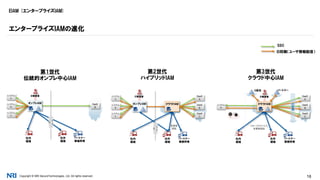 Copyright © NRI SecureTechnologies, Ltd. All rights reserved. 18
EIAM (エンタープライズIAM)
エンタープライズIAMの進化
SaaS
A
社外
環境
パートナー
事務所等
社内
環境
SaaS
B
SaaS
C
システム
A
システム
B
システム
C
オンプレIAM クラウドIAM
社外
環境
パートナー
事務所等
社内
環境
SaaS
B
システム
A
システム
B
システム
C
オンプレIAM
SaaS
A
社外
環境
パートナー
事務所等
社内
環境
SaaS
B
SaaS
C
システム
B
クラウドIAM
第1世代
伝統的オンプレ中心IAM
第2世代
ハイブリッドIAM
第3世代
クラウド中心IAM
V
P
N
V
P
N
ID管理者 ID管理者 ID管理者
G会社 パートナー
多要素
認証
マネージドデバイス
多要素認証
CASB
SSO
ID同期（ユーザ情報配信）
 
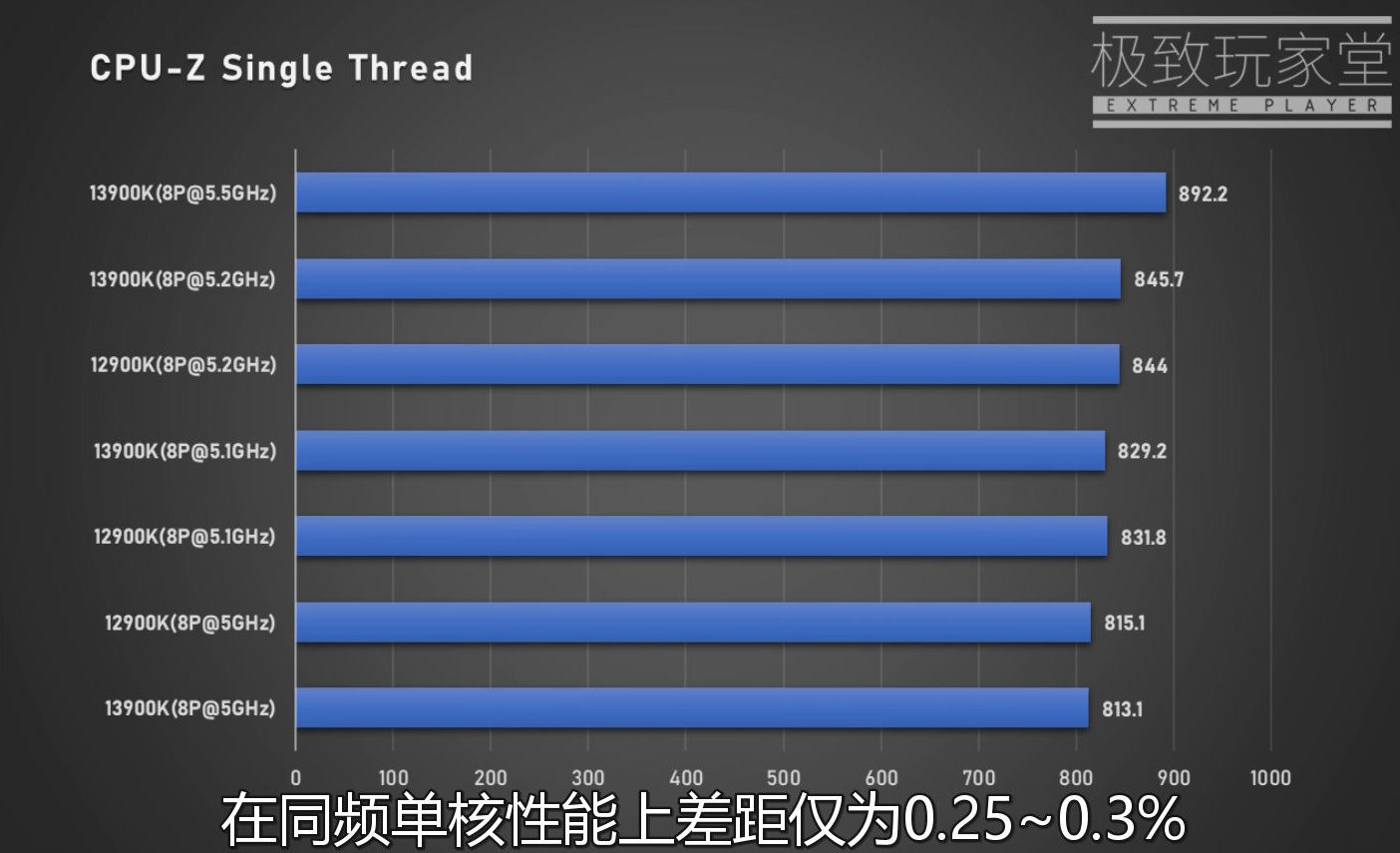 Core-i9-13900K-CPUZ3.jpg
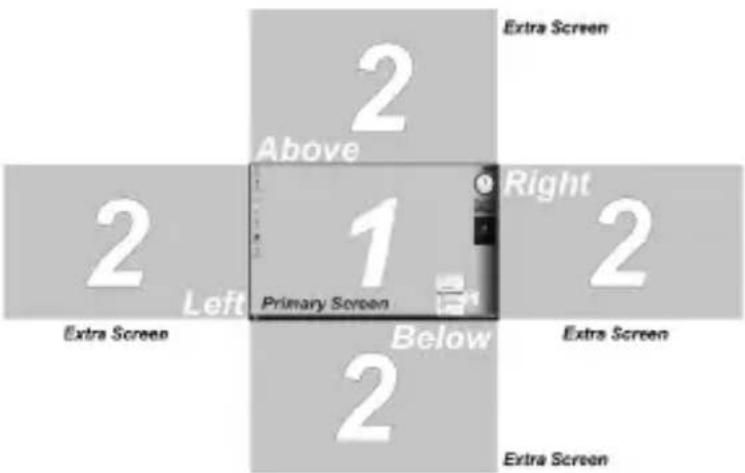 Extra Screen Above 2 2 1 Right 2 Left Primary Screen Below 2 Extra Screen Extra Screen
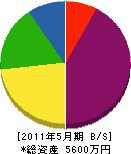 津田工業所 貸借対照表 2011年5月期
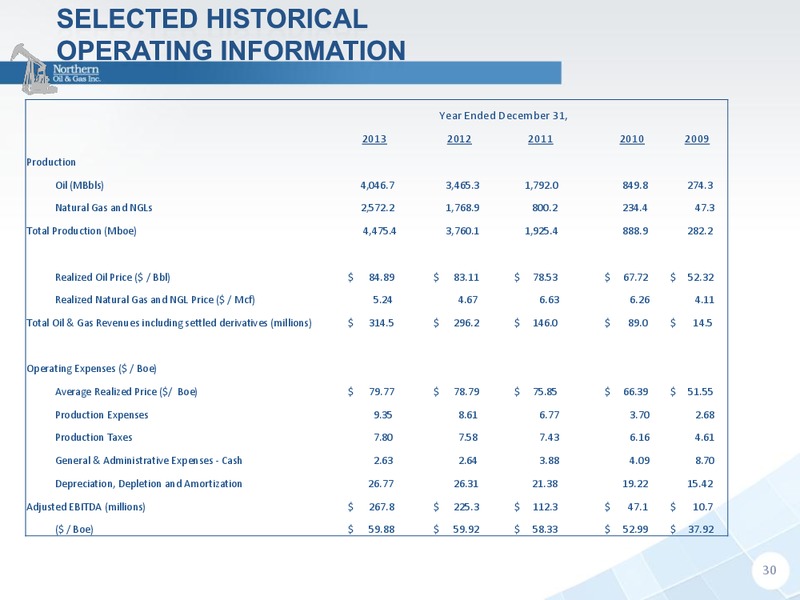 RBC CAPITAL MARKETS ENERGY AND POWER CONFERENCE – Northern Oil and Gas, Inc. – slide 29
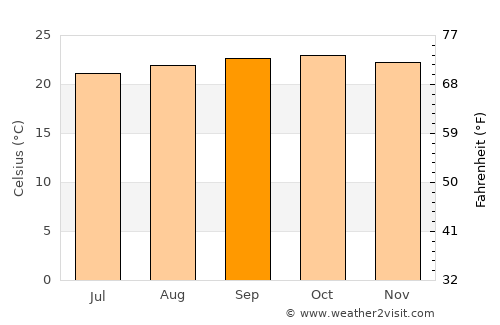 Kasamwa average temperature in September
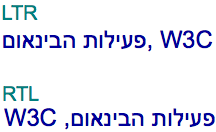 פעילות הבינאום, W3C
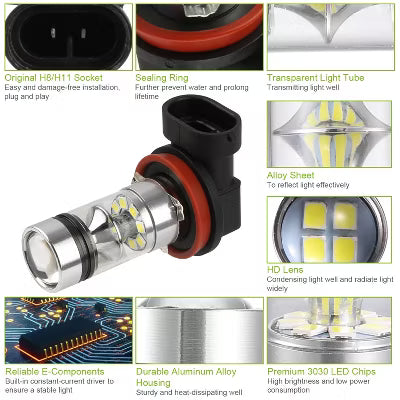 2-Pack H8/H9/H11 LED Fog and DRL Bulbs, 6000K White Light, 1000 Lumens and 360-Degree Beam, IP65 Water-Resistant Design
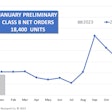 ACT Research January 2023 preliminary Class 8 orders
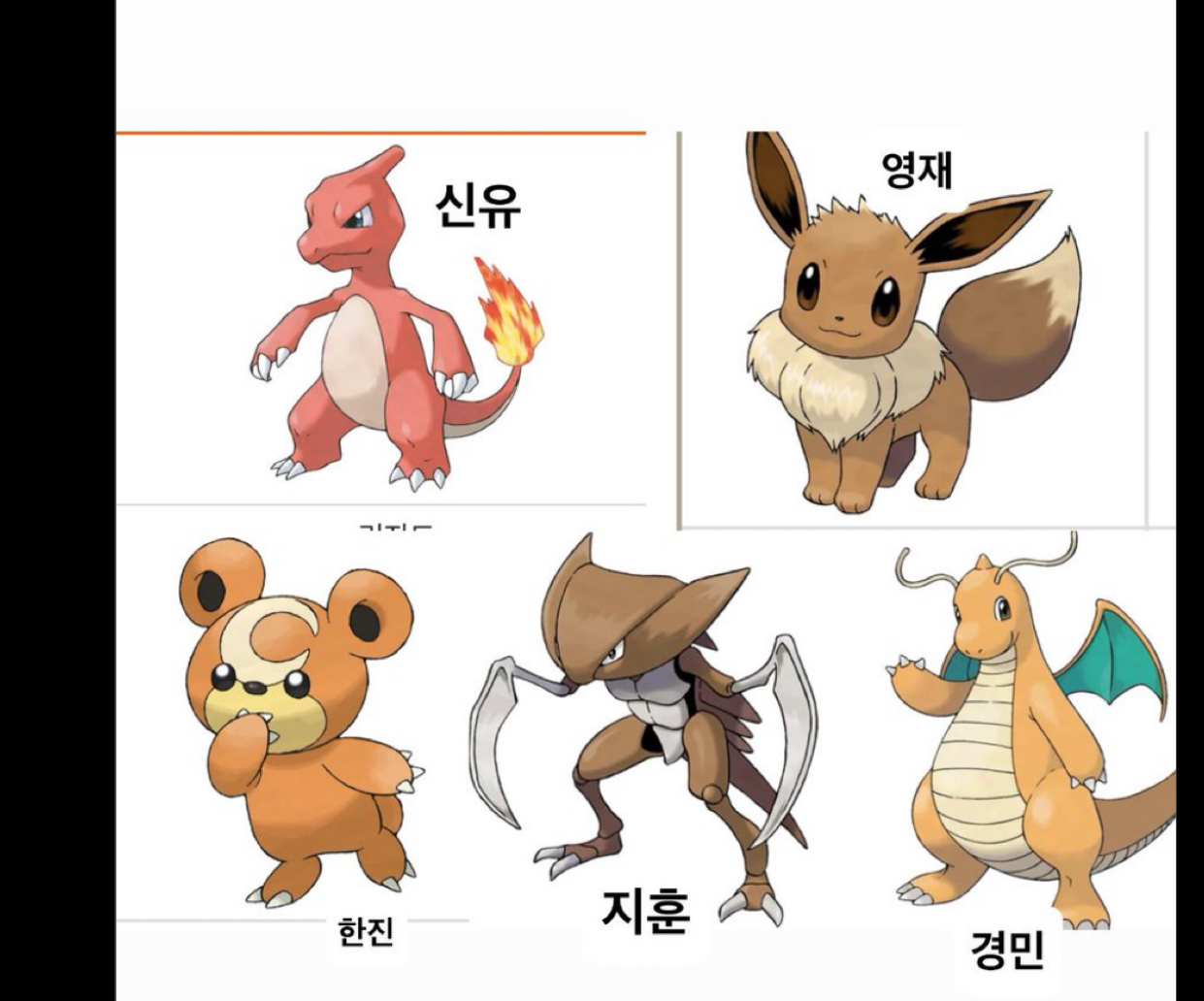 [잡담] 투어스 도훈이 멤버들마다 어울리는 포켓몬고른거라는디 비슷? | 인스티즈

» **Exercise description**: Every entry in the listing is to be duplicated precisely, except for its pictures.

» **Solved problem**:
 Copyright © NRI SecureTechnologies, Ltd. All rights reserved. 18
EIAM (エンタープライズIAM)
エンタープライズIAMの進化
SaaS
A
社外
環境
パートナー
事務所等
社内
環境
SaaS
B
SaaS
C
システム
A
システム
B
システム
C
オンプレIAM クラウドIAM
社外
環境
パートナー
事務所等
社内
環境
SaaS
B
システム
A
システム
B
システム
C
オンプレIAM
SaaS
A
社外
環境
パートナー
事務所等
社内
環境
SaaS
B
SaaS
C
システム
B
クラウドIAM
第1世代
伝統的オンプレ中心IAM
第2世代
ハイブリッドIAM
第3世代
クラウド中心IAM
V
P
N
V
P
N
ID管理者 ID管理者 ID管理者
G会社 パートナー
多要素
認証
マネージドデバイス
多要素認証
CASB
SSO
ID同期（ユーザ情報配信）
 
 Core-i9-13900K-CPUZ3.jpg
 Extra Screen Above 2 2 1 Right 2 Left Primary Screen Below 2 Extra Screen Extra Screen
 津田工業所 貸借対照表 2011年5月期
 RBC CAPITAL MARKETS ENERGY AND POWER CONFERENCE – Northern Oil and Gas, Inc. – slide 29
 Kasamwa average temperature in September
 פעילות הבינאום, W3C
 2-Pack H8/H9/H11 LED Fog and DRL Bulbs, 6000K White Light, 1000 Lumens and 360-Degree Beam, IP65 Water-Resistant Design
 ACT Research January 2023 preliminary Class 8 orders
 [잡담] 투어스 도훈이 멤버들마다 어울리는 포켓몬고른거라는디 비슷? | 인스티즈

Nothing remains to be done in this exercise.